From: Daryle Walker (darylew_at_[hidden])
Date: 2008-08-18 19:05:10


Have you ever read a thread in a programming news-group, where some
newbie asks how to implement some wacky scheme? Several far-out
solutions come forth, then flame-wars erupt over the pros & cons.
Then finally someone asks what the newbie really needs and gives a
completely different solution based on that response. Basically, the
newbie was trying to do something in a manner s/he shouldn't even
thought of, let alone suppose it was good enough to try
implementing. This is one of those times.

On Aug 16, 2008, at 1:32 PM, Zeljko Vrba wrote:

> Integer types in C and C++ are a mess. For example, I have made a
> library
> where a task is identified by a unique unsigned integer. The extra
> information
> about the tasks is stored in a std::vector. When a new task is
> created, I use
> the size() method to get the next id, I assign it to the task and then
> push_back the (pointer to) task structure into the vector. Now,
> the task
> structure has also an "unsigned int id" field. In 64-bit mode,
>
> sizeof(unsigned) == 4, sizeof(std::vector::size_type) == 8
>
> I get a warnings about type truncation, and obviously, I don't like
> them. But
> I like explicit casts and turning off warnings even less. No, I
> don't want to
> tie together size_type and task id type (unsigned int). One reason is
> "aesthetic", another reason is that I don't want the task id type
> to be larger
> than necessary (heck, even a 16-bit type would have been enough),
> because the
> task IDs will be copied verbatim into another std::vector<unsigned>
> for further
> processing (edge lists of a graph).
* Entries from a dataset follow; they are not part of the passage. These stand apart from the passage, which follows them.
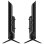 Nilait Prisma 32FD7004SVIOS 32" LED FHD Smart TV VIDAA+ Regalo Soporte TV y Cable HDMI
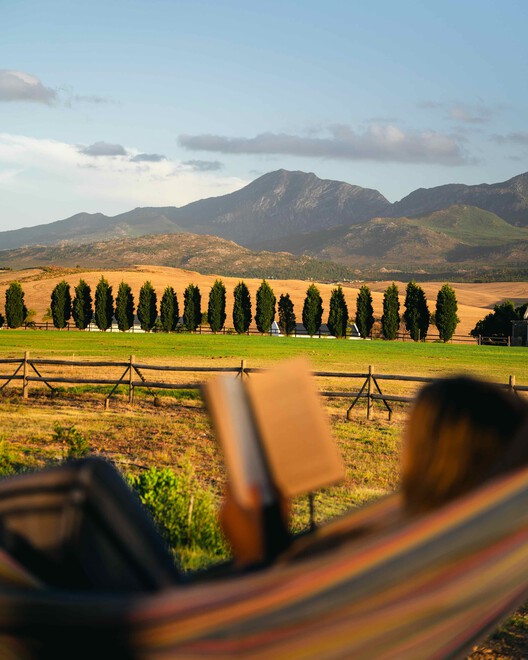 Natimby Lodge / Paul Elliott Architects Natimby Lodge / Paul Elliott Architects - Exterior Photography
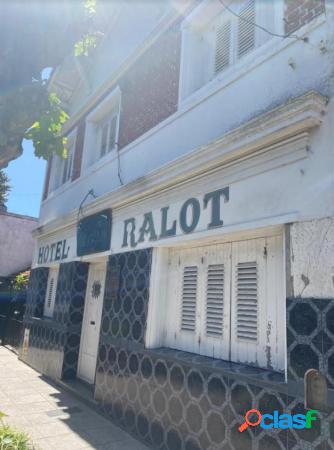 Venta de Hotel Ralot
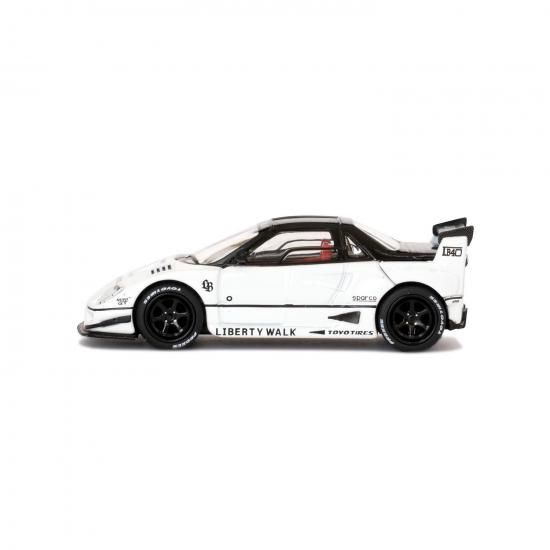 大阪オートメッセ2025限定 ミニカー　2個セット LIBERTY WALK 大阪オートメッセ2025限定 ミニカー 2個セット LIBERTY WALK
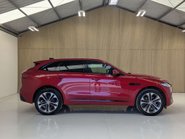 Jaguar F-Pace 2.0 F-PACE R-Dynamic HSE D MHEV AWD Auto 4WD 5dr 12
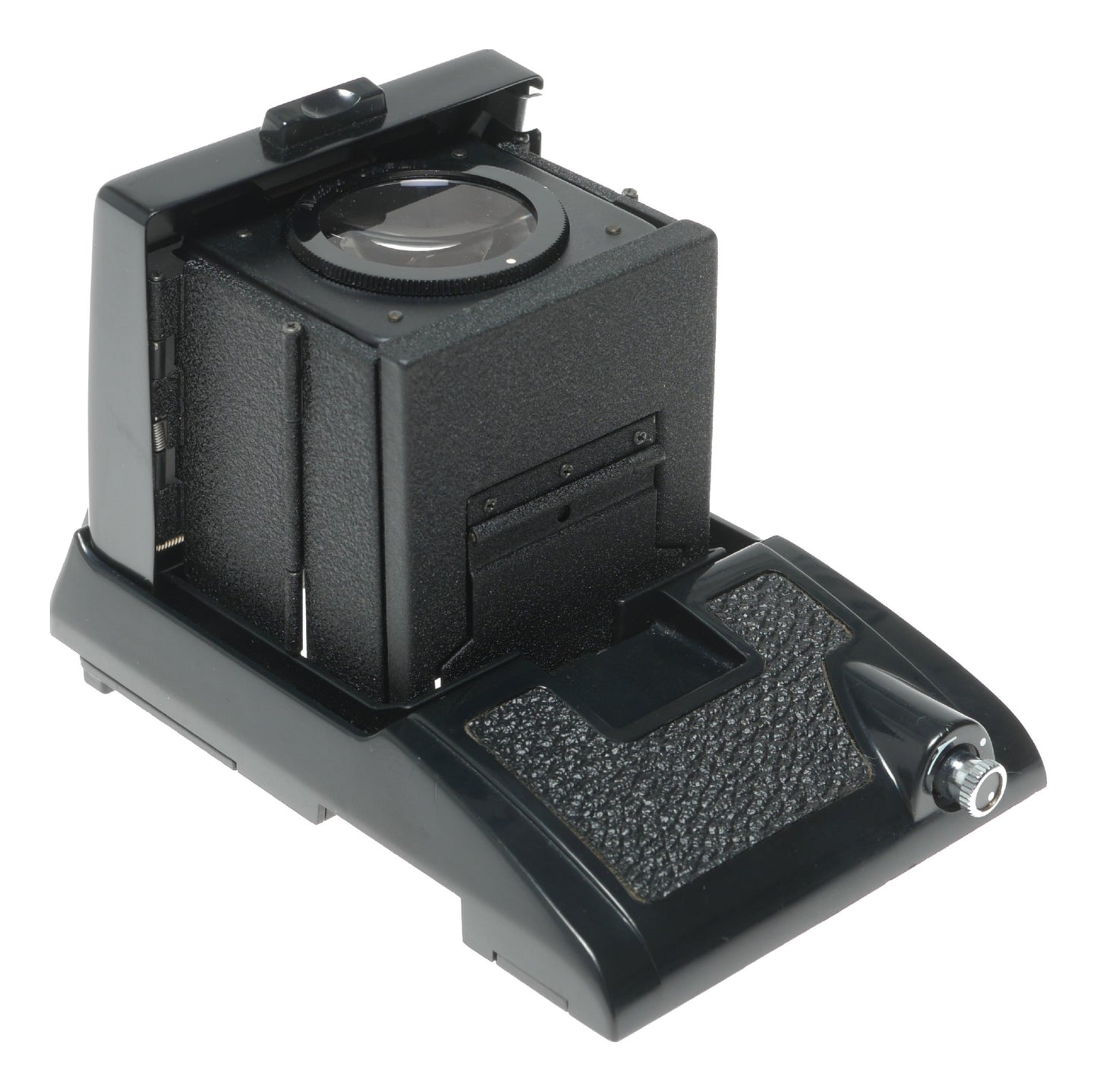 Mamiya S M Vintage Film Camera from Japan - View 9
Doubling the size of an
> integer type shall
> have bad effects on CPU caches, and I don't want to do it.
>
> What to do? Encapsulate into "get_next_id()" function? Have a
> custom size()
> function/macro that just casts the result of vector::size and
> returns it?

Well, using a custom "size" function will shut the compiler up. But
the "get_next_id" function is better because you can change the
implementation of the ID and external code shouldn't have to change.
(The ID is a typedef and not a naked "unsigned," right?) Anyway,
does it really matter; this ID generation code is only used during
task construction, right?

Actually, writing this response is hard. I've read 20+ responses,
talking about how much built-in integers "suck." Then I decided to
look at the original post again, and something bugged me about it.
Why are you using a number to refer to a container element in the
first place? Then I realized that you can't use iterators because
they're not stable with vector's element adds or removes. Then I
wondered, why are you using a vector in the second place? Wouldn't a
list be better, so you can add or remove without invalidating
iterators, leaving them available to implement your ID type. And you
don't seem to need random-access to various task elements. (A deque
is unsuitable for the same reason as a vector.) Then I thought,
these tasks just store extra information, and have no relation to
each other (that you've revealed). So why are you using any kind of
container at all? You have no compunctions about using dynamic
memory, so just allocate with shared-pointers:

//================================================
class task
{
     struct task_data
     {
         // whatever...
     };
     typedef boost::shared_ptr<task_data> sp_type;

     sp_type data_;

     // Hidden member-wise constructor
     explicit task( sp_type d ) : data_( d ) {}

public:
     // Constructors of various configurations, possibly including
     // a default constructor; but use the automatically-defined
     // copy-constructor and destructor
     task(/*whatever*/) : data_( new task_data(/*whatever*/) ) {}

     // Forced copy
     task clone() const
     {
         sp_type result_data( new task_data(*this->data_) );
         task result( result_data );

         return result;
     }

     // Use automatically defined copy-assignment operator
     bool operator ==( task const &o ) const
     {
         //return this->data_ == o.data_; // shallow
         return *this->data_ == *o.data_; // deep
     }
     bool operator !=( task const &o ) const
     { return !this->operator ==( o ); }

     // Regular task functionality follows...
};
//================================================

(I was going to suggest using Boost's pointer-containers, but then I
realized that you really don't need containment at all.) Now you'll
pass this class around instead of an integer type. The size may be
higher though, two pointers (and an 'int' in debug-mode).

> ==
>
> Another example: an external library defines its interfaces with
> signed integer
> types, I work with unsigned types (why? to avoid even more warnings
> when
> comparing task IDs with vector::size() result, as in assert(task->id <
> tasks.size()), which are abundant in my code). Again, some
> warnings are
> unavoidable.
>
> What to do to have "clean" code?

You tasks IDs are conceptually opaque, why is any external code
wanting to mess with them? The external code shouldn't be doing
anything with the IDs besides comparing them with each other (only !=
and ==, not ordering) and using them as keys to your task functions.
This is why the ID's implementation should be hidden in a wrapping
class, external code can't mess with them by default; you would have
to define all legal interactions. In other words, define the main
task functionality in member functions and friends of the "task"
class I suggested, and have any ancillary code call that core code.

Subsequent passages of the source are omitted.